This week on my podcast, I read my November 2020 Locus column, Past Performance is Not Indicative of Future Results, a critical piece on machine learning and artificial intelligence that takes aim at the fallacy that improvements to statistical inference will someday produce a conscious, cognitive software construct. It’s a followup to my July 2020 column, Full Employment, which critiques the fear/aspiration of automation-driven unemployment.
The problems of theory-free statistical inference go far beyond hallucinating faces in the snow. Anyone who’s ever taken a basic stats course knows that “correlation isn’t causation.” For example, maybe the reason cops find more crime in Black neighborhoods because they harass Black people more with pretextual stops and searches that give them the basis to unfairly charge them, a process that leads to many unjust guilty pleas because the system is rigged to railroad people into pleading guilty rather than fighting charges.

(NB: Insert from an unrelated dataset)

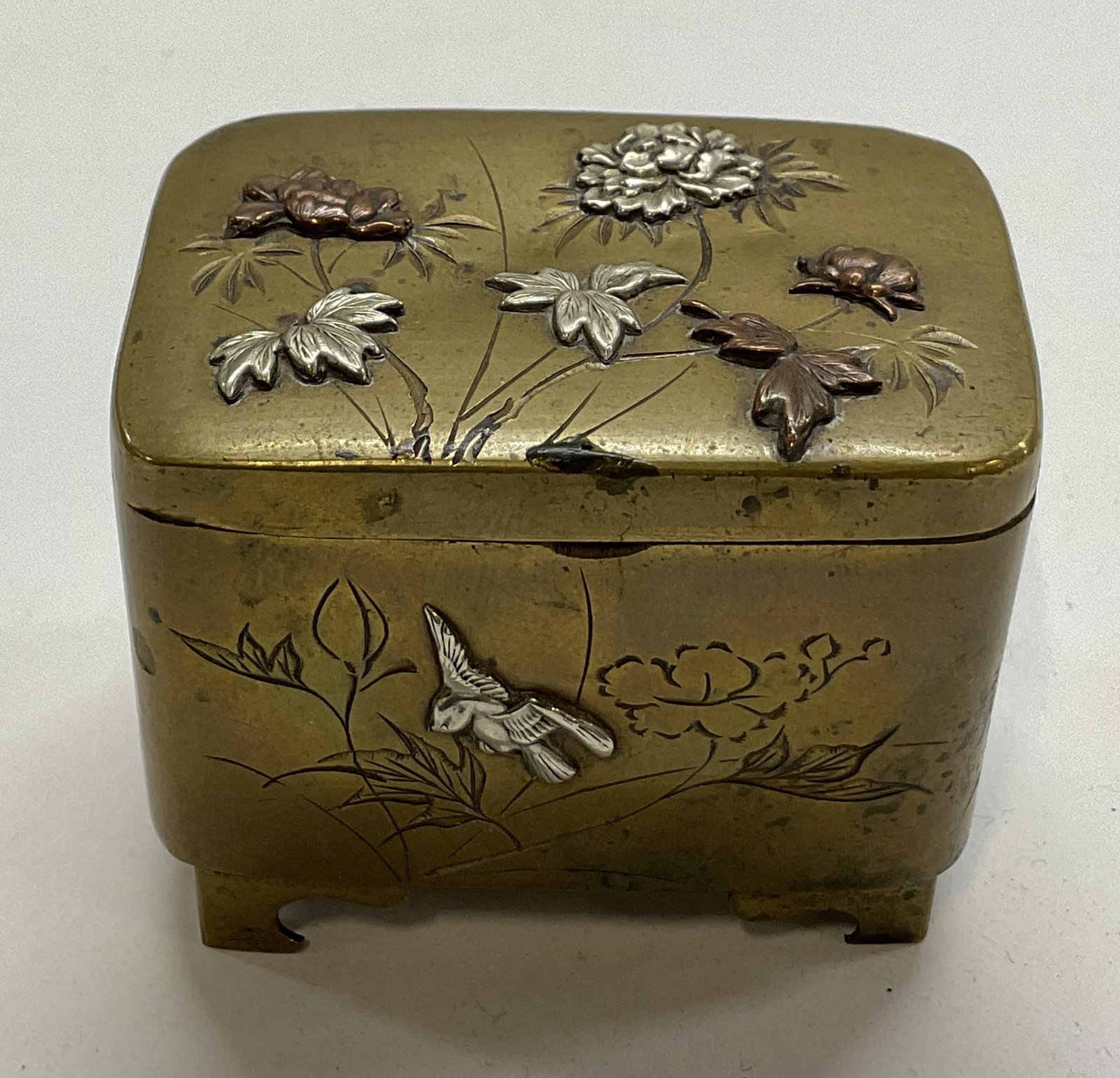 Antq Japanese Brass Embossed Hinged Pill Box (1 of 8)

Understanding that relationship requires “thick description” – an anthropologist’s term for paying close attention to the qualitative experience of the subjects of a data-set. Clifford Geertz’s classic essay of the same name talks about the time he witnessed one of his subjects wink at the other, and he wasn’t able to determine whether it was flirtation, aggression, a tic, or dust in the eye. The only way to find out was to go and talk to both people and uncover the qualitative, internal, uncomputable parts of the experience.
Quantitative disciplines are notorious for incinerating the qualitative elements on the basis that they can’t be subjected to mathematical analysis. What’s left behind is a quantitative residue of dubious value… but at least you can do math with it. It’s the statistical equivalent to looking for your keys under a streetlight because it’s too dark where you dropped them.